Throwback uniforms for Yankees on Friday
No franchise in sports is more proud -- and more protective -- of its history than the Yankees, so Friday's event at Fenway Park represents a departure of sorts.
There will be history, certainly, as they help the Red Sox mark the 100th anniversary of the venerable ballyard's first game -- a 7-6, 11-inning victory over the visitors from New York -- by donning replicas of their uniforms from that day.
But there also is this: That year's team, the last to be known as the Highlanders and play at Hilltop Park in Manhattan, went on to finish 50-102 and 55 games behind first-place Boston. It remains the worst season in franchise history.
"Hopefully we do a little better than they did,'' Mark Teixeira said before Thursday night's game against the Twins after being informed of the Highlanders' struggles.
Like most Yankees, Teixeira did not know much about the Highlanders and their pennant-free 10 seasons before moving to the Polo Grounds and changing their name in 1913.

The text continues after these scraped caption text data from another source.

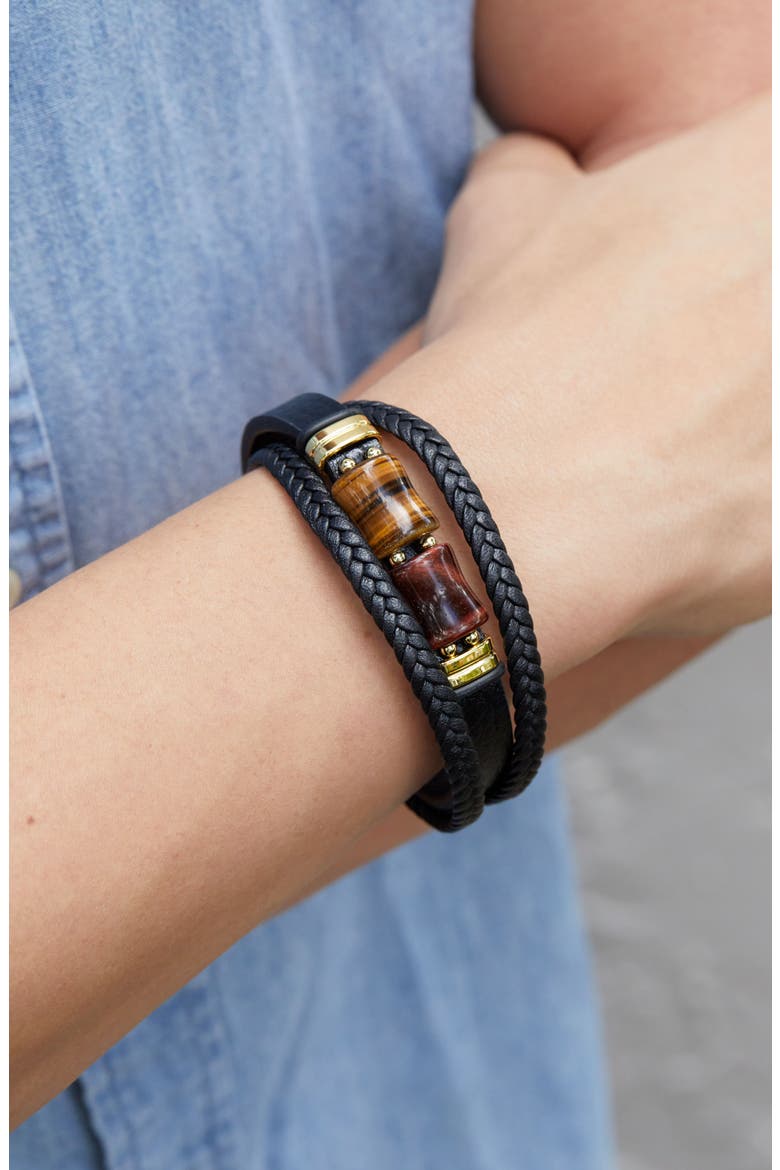 Men's Braided Leather Tiger's Eye Bracelet, Alternate, color, BLACK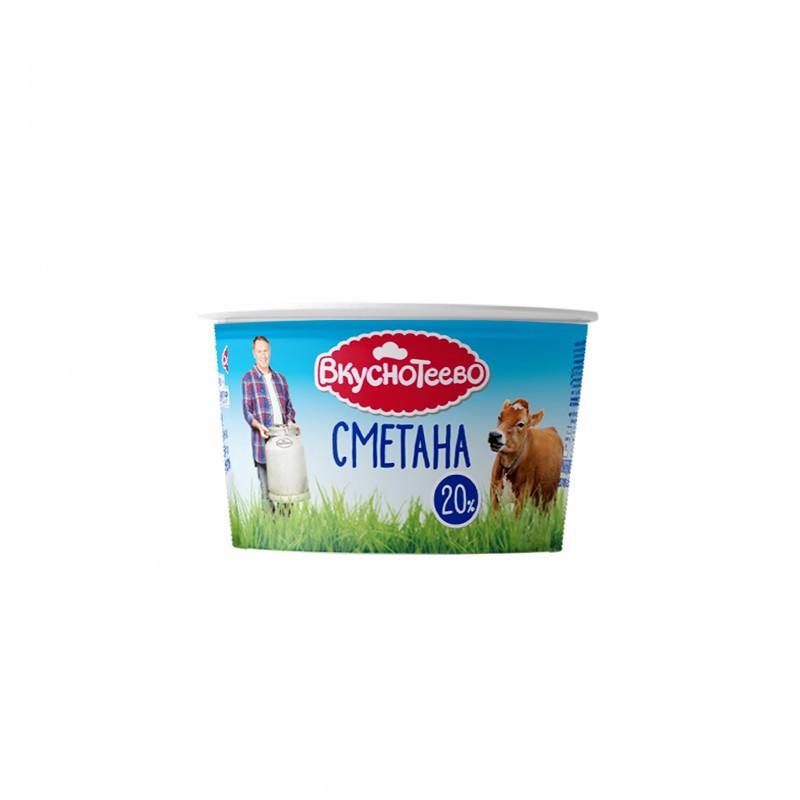Сметана 20 %, Вкуснотеево, 150 гр., Пластиковый стакан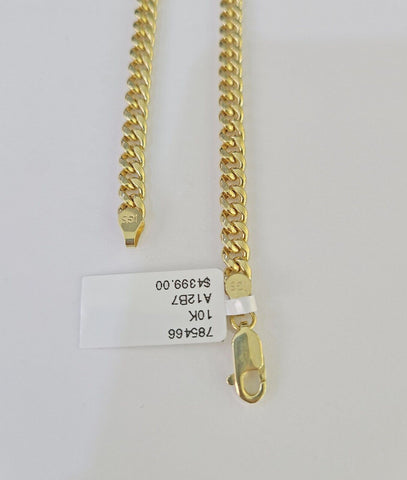 10k Miami Cuban Link Chain Yellow Gold 5mm Necklace 18-28 Inches Real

"Starting with Ruth and Gehrig, I can maybe give you a little bit,'' he said, "but before then, you guys are going to have to help me out.''
Derek Jeter also confessed to knowing nothing of that era, and jokingly suggested reporters to ask 39-year-old Raul Ibañez about it.
But the players seemed to embrace the opportunity to celebrate the occasion, even if the party is being hosted by their ancient rivals, and even if it means wearing old-school duds.
"I love that stuff,'' Nick Swisher said. "Those old jerseys, man, those represent America's greatest pastime, man. Those are the bones of the game. For me, man, I'm juiced.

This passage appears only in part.